Jack Ashenden

Personal information
- Full name: Jack Gilbert Ashenden
- Born: 12 May 1911 Wellington, New Zealand
- Died: 14 November 1992 (aged 81) Sydney, Australia
- Batting: Right-handed
- Bowling: Right-arm medium

Domestic team information
- 1935/36–1944/45: Wellington

Career statistics
| Competition | First-class |
| Matches | 16 |
| Runs scored | 160 |
| Batting average | 7.61 |
| 100s/50s | 0/0 |
| Top score | 27 |
| Balls bowled | 3,082 |
| Wickets | 53 |
| Bowling average | 28.26 |
| 5 wickets in innings | 1 |
| 10 wickets in match | 0 |
| Best bowling | 6/44 |
| Catches/stumpings | 10/– |
- Source: Cricinfo, 6 September 2015

= Jack Ashenden =

New Zealand cricketer

Jack Gilbert Ashenden (12 May 1911 – 14 November 1992) was a New Zealand cricketer who played first-class cricket for Wellington from 1936 to 1945.
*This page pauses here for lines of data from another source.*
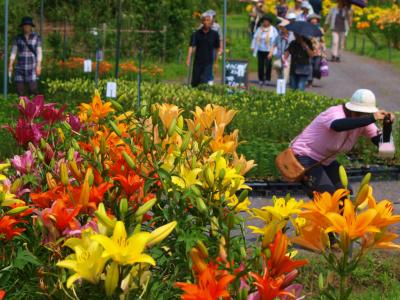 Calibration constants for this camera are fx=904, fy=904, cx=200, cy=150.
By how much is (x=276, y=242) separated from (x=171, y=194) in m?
0.68

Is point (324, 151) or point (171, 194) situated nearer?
point (171, 194)

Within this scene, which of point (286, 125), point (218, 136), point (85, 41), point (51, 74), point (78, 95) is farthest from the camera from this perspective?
point (85, 41)

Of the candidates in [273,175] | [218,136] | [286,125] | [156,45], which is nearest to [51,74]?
[156,45]

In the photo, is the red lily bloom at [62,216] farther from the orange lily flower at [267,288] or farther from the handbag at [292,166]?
the handbag at [292,166]

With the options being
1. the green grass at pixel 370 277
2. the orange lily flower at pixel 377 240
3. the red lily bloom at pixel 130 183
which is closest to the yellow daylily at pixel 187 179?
the red lily bloom at pixel 130 183

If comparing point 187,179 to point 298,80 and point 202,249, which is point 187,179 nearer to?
point 202,249

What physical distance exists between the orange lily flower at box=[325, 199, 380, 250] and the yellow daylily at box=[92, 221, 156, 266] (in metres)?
0.56

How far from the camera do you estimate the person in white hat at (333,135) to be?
20.2 feet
A right-arm medium-pace bowler, Ashenden partnered Tom Pritchard in opening the bowling for Wellington in the 1938-39 Plunket Shield, when he and Pritchard were two of only six players in the competition to take 10 wickets or more. He took 6 for 44 in the second innings of the innings victory over Otago. At the end of the season he played for New Zealand against Sir Julien Cahn's XI. He had a long career in senior Wellington cricket, taking 846 wickets by the time he retired in 1957.

Ashenden married Joyce Hurren in the late 1930s, and they lived in Wellington.